Cyweta jest samotnikiem ostentacyjnym. W przeciwieństwie do zadumanego Nosorożca i Nietopperza, który nie bardzo ma wybór, Cyweta czynnie szuka towarzystwa tylko po to, by okazywać, że go nie lubi. Rzecz w tym, że ta przewrotna gra nikogo nie zraża. Wręcz przeciwnie – wyniosła Cyweta podziwiana jest jak jak Wenus w futrze.
Joan Crawford |
Bo Cyweta na scenę wkracza w futrze. Jasnopopielatym, puszystym, długim do ziemi i bardzo retro.
Efektownemu entrance towarzyszy stukanie podkutych butów i dyskretna woń starej szafy pełnej naftalinowych kulek na żarłoczne motyle i tajemniczych woreczków z bagnem pachnącym jak chatka dobrze prosperującej wiedźmy. Futro jest najprawdopodobniej sztuczne, lecz uczynione na tyle udanie, by ludzie gadali.
Marlene Dietrich |
Pod futrem cyweta nosi bryczesy i oficerki. Nie, żeby kiedykolwiek planowała dosiadać konia. Cyweta woli siedzieć na tyłku własnym, niż końskim. Ale kontrowersyjny image nawiązujący do stylistyki sławnych (a raczej niesławnych) kreacji Hugo Bossa wykorzystuje z premedytacją i samozaparciem godnym sprawy większej i na pewno lepszej.
Pytana o sympatie polityczne sznuruje wąskie usta dając natrętowi do zrozumienia, że pytanie było obcesowe, a projektowanie gustu odzieżowego na politykę jest niedorzeczne i płytkie. Po czym muskając bladą dłonią czerwony goździk więdnący w butonierce żakietu o niemile znajomym kroju zadaje kłam słowom własnym i cudzym; wypowiedzianym i zmilczanym także.
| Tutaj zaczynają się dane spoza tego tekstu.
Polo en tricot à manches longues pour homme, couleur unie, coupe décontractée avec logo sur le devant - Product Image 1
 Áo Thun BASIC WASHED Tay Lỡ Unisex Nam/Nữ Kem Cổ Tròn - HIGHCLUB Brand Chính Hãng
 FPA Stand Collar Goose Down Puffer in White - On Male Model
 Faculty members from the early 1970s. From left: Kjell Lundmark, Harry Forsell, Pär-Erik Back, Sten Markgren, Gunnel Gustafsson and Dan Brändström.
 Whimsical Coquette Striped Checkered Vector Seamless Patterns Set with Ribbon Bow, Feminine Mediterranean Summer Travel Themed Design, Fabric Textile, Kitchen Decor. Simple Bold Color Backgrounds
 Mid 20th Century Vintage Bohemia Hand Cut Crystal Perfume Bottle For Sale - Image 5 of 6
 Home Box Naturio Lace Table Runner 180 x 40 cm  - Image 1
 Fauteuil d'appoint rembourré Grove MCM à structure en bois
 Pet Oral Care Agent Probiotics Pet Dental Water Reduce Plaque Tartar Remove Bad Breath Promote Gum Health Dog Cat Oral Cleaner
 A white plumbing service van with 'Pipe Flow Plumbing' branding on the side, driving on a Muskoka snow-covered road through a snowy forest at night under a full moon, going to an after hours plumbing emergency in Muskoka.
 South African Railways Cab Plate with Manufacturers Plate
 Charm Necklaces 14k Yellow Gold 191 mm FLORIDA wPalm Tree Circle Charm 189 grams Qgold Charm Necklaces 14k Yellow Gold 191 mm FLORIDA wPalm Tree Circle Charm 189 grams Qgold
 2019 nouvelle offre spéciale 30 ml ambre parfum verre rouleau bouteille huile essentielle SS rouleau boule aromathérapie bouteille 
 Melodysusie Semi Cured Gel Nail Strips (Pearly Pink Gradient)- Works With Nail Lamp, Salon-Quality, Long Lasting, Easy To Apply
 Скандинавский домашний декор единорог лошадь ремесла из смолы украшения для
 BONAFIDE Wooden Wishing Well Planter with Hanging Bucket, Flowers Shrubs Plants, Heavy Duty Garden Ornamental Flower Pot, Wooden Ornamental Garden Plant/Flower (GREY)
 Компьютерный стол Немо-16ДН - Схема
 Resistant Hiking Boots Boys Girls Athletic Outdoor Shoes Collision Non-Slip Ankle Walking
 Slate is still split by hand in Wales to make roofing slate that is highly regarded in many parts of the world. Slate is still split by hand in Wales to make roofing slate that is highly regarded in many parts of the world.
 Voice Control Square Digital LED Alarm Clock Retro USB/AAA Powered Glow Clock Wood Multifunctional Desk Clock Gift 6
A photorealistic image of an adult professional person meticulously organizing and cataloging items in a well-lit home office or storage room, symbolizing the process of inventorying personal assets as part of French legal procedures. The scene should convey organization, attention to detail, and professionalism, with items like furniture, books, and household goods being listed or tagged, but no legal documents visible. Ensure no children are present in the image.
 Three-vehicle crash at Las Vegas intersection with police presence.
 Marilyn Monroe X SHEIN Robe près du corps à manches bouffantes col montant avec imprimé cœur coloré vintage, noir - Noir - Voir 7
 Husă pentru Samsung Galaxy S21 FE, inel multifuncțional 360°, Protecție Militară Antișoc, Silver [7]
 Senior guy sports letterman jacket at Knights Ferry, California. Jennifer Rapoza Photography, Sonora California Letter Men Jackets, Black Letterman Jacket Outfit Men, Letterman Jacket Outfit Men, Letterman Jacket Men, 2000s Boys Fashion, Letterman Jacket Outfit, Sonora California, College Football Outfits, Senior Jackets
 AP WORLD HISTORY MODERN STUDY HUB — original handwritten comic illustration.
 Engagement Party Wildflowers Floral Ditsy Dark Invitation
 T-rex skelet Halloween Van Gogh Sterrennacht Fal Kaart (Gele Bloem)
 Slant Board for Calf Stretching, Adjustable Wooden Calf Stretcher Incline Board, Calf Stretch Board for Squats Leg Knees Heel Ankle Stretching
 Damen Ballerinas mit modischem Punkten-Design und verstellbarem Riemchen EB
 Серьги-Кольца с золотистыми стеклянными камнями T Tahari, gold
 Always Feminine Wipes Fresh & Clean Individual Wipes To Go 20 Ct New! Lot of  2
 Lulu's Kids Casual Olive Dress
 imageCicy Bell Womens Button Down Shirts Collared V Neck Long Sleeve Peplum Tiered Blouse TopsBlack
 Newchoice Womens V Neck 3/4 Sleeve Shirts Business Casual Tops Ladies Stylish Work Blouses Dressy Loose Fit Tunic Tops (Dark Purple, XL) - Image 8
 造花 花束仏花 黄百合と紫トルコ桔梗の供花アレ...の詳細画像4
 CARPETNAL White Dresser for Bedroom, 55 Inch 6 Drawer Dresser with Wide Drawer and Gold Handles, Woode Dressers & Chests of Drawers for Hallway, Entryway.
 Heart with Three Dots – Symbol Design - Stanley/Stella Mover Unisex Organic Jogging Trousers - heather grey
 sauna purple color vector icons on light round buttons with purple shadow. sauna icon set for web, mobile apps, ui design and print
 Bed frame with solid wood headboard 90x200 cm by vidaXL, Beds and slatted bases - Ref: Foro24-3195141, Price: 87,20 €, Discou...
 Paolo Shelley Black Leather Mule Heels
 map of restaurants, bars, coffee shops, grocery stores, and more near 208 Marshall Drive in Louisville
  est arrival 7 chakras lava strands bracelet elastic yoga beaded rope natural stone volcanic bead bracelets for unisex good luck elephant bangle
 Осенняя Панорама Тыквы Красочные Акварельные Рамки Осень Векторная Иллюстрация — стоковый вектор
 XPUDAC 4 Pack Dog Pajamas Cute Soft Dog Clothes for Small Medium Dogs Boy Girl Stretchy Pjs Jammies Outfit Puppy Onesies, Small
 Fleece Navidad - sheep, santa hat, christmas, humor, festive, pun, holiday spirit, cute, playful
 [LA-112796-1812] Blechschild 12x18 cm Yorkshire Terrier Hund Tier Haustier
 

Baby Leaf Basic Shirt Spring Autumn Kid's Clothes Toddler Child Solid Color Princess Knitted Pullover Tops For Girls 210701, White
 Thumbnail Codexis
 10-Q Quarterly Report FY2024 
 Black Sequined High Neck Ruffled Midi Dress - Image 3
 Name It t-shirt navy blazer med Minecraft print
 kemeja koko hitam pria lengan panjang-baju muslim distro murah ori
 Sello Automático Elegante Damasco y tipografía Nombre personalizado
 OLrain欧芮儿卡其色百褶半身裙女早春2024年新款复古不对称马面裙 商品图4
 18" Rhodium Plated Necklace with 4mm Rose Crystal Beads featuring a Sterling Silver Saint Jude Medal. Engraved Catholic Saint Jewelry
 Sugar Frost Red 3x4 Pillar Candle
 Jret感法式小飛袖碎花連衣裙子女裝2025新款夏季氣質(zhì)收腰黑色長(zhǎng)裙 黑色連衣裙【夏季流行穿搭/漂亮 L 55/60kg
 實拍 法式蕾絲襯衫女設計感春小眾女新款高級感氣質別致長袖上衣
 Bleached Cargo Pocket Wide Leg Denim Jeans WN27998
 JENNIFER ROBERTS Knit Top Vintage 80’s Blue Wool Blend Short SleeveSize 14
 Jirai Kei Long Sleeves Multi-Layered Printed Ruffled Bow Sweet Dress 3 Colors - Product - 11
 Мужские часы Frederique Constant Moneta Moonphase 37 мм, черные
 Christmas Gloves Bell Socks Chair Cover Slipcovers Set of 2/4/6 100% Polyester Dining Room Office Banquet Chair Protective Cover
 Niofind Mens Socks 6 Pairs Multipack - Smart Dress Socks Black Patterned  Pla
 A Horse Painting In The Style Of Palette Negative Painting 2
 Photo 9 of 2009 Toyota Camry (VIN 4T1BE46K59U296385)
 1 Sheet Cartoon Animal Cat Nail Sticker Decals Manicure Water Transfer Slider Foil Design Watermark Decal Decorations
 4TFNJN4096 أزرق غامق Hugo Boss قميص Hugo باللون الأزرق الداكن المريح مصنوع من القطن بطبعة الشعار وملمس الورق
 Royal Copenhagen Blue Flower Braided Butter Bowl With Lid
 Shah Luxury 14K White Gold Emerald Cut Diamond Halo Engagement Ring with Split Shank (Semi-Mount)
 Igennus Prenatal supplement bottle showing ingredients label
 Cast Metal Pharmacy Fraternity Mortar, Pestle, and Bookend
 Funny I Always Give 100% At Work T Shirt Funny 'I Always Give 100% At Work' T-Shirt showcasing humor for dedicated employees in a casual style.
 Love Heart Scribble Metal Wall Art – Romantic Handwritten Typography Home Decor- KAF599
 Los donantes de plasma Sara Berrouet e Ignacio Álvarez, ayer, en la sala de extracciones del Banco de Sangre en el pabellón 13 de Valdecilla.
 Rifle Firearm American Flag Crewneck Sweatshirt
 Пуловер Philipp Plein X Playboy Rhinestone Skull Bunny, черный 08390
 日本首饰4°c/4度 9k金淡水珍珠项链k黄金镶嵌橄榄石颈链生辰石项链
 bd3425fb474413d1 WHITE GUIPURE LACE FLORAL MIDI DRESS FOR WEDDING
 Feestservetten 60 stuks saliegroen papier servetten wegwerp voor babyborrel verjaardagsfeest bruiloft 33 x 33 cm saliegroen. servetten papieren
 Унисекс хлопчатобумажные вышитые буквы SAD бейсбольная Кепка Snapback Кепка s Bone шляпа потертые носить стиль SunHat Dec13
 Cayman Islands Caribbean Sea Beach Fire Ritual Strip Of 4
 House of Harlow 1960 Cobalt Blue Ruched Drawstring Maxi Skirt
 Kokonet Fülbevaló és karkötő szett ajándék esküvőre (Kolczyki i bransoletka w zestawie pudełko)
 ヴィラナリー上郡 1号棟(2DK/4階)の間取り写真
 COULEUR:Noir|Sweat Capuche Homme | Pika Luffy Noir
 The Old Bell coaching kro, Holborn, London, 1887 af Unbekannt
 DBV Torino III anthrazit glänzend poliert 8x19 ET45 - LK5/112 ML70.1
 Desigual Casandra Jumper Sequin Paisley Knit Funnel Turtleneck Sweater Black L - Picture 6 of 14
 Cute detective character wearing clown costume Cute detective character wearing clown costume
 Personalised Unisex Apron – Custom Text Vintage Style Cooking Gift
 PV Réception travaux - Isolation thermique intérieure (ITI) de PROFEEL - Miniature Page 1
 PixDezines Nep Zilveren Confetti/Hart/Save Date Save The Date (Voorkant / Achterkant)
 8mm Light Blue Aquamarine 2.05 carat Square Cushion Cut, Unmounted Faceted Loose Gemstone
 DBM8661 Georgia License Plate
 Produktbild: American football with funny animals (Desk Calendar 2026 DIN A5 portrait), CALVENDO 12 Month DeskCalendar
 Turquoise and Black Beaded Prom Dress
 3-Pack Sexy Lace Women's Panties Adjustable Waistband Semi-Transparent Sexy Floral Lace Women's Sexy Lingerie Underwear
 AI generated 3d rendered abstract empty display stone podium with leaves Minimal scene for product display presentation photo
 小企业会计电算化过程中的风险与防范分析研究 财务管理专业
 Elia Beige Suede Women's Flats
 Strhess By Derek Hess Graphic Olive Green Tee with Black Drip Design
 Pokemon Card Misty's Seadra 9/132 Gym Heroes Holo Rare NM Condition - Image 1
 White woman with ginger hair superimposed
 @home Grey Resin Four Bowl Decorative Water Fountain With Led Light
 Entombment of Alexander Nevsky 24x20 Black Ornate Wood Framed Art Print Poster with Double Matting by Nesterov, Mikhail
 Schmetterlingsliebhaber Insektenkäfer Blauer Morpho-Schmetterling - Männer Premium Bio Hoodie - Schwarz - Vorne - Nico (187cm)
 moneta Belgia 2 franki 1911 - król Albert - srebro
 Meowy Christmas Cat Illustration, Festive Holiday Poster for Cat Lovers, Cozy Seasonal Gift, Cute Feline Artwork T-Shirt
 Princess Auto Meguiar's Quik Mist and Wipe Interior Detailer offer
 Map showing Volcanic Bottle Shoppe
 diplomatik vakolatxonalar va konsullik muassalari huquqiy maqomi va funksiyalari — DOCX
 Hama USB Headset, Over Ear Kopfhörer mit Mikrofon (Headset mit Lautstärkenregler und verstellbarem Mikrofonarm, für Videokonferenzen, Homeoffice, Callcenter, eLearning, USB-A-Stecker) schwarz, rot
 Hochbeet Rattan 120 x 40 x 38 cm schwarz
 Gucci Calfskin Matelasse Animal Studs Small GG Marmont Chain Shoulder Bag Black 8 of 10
Po to, żebyście sobie nie myśleli, że wiecie cokolwiek.
Marlene Dietrich |
Cyweta pali cienkie, długie cygaretki. Ale dystansuje się do nałogu używając jeszcze dłuższej lufki trzymanej z dala od siebie – czasem pod nosem rozmówcy, a czasem nad obiciem mebla lub talerzem z ciasteczkami. Cyweta zaciąga się rzadko, dbając o to, by każdorazowo zademonstrować, iż nie sprawia jej to żadnej przyjemności. Nie fatyguje się także strzepywaniem popiołu pozwalając, by opadał on swobodnie i malowniczo. Czasem na obicie mebla, czasem na ciasteczko. Cyweta jest ponad to.
Lauren Bacall |
Najdziwniejsze rzeczy dzieją się, gdy Cyweta się zapomni. Niełatwo jest wciągnąć Cywetę w dyskusję, jeśli jednak uda się zapalić ogniki w jej oczach, poznajemy dyskutantkę elokwentną i taktowną. Z uwagą słuchającą argumentów i z niesłychaną łagodnością formułującą kontrargumenty. Mówiącą głosem matowym i słodkim jak mirra. Pięknie konstruującą zdania i składnie układającą pointy.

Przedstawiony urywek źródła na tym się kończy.